What is spinal muscular atrophy?
Spinal muscular atrophy (SMA) is a genetic condition which damages the motor neurons in an area of the spinal cord called the anterior horn causing muscle weakness and a progressive loss of function and mobility. SMA can develop before birth or throughout childhood to adult life.
Motor neurons are nerve cells which connect the brain and spinal cord to the body’s muscles. Electrical signals travel along the motor neurons and to the muscles, controlling when muscles should relax and contract. Damage to these motor neurons means that the link between the brain and muscles gradually break down and people with spinal muscular atrophy have difficulty with activities such as crawling, walking, sitting up, and moving the head.
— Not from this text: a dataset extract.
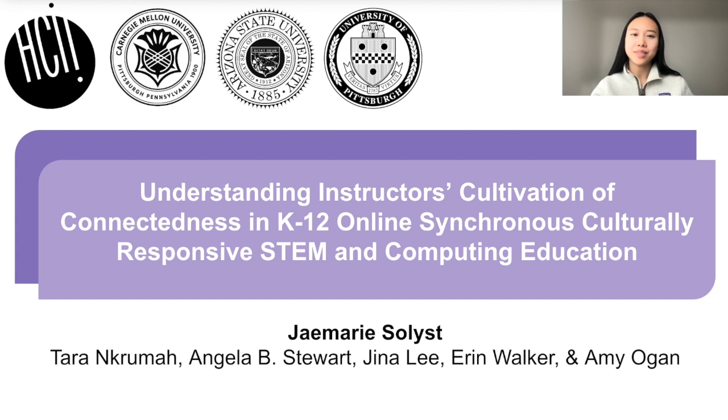Hi, everyone. I'm Jaymarie Solist, and I'm a PhD student at Carnegie Mellon University in the Human-Computer Interaction Institute, and I'm excited to present our paper today: Understanding Instructors' Cultivation of Connectedness in K-12 Synchronous Cultural Responsive STEM and Computing Education.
Spinal muscular atrophy (SMA) affects a person’s physical abilities, such as moving, walking, and breathing. Physiotherapy treatment will help improve range of movement and posture and improve your child's quality of life.
Types of spinal muscular atrophy
SMA is classified into different types, based on the age at which the condition develops, and the severity of symptoms. Types 0, I, II, and III develop in childhood, and type IV occurs during adulthood.
The different types of SMA include:
- Type 0 - develops before birth, causing reduced movement of the foetus. This is usually first noticed between weeks 30 and 36 of pregnancy and is a severe form of SMA.
- Type I - also known as Werdnig-Hoffmann disease usually occurs before the age of six months. Symptoms of type I SMA, include difficulties with moving, eating, swallowing, and breathing because the proximal muscles (those closest to the centre of the body, such as the shoulders, hips, and back) are weak.
- Type II – also known as Dubowitz disease, is not as severe as types 0 and I, but it still causes weakness in the proximal muscles. Type II SMA usually develops when an infant is between 6-18 months of age.
- Type III – also known as Kugelberg-Welander disease, usually occurs later than Type I and Type II SMA after the age of 2 years. Type III SMA is the mildest form of childhood spinal muscular atrophy.
- Type IV - begins in adulthood, with the onset of symptoms usually occurring after the age of 35 and the symptoms are milder.
- Kennedy's syndrome - is another type of adult SMA affecting men between 20-40 years of age. This is caused by a defect on the X chromosome.
What causes spinal muscular atrophy?
SMA is a genetic disease caused by a defective gene. SMA is an autosomal recessive condition which means that for a child to develop types 0, I, II and III both parents must be carriers. In this case a child has 1 in 4 chance of developing the condition.
In adults, type IV spinal muscular atrophy can develop either as an autosomal recessive condition, or as an autosomal dominant condition. Autosomal dominant means SMA, can develop if only one parent passes on a defective gene to their child. Occasionally, adult SMA can develop as a result of a mutation (an alteration to the structure of the DNA) in the defective gene.
Diagnosis of spinal muscular atrophy
Diagnosis of spinal muscular atrophy can be confirmed by a physical examination which looks at your childs present symptoms as well as a gene test such as the SMN (survival motor neuron) test. In some cases, when the SMN gene test is not possible or does not show any abnormality, other tests such as an electromyography (EMG) or a muscle biopsy may be used to confirm diagnosis.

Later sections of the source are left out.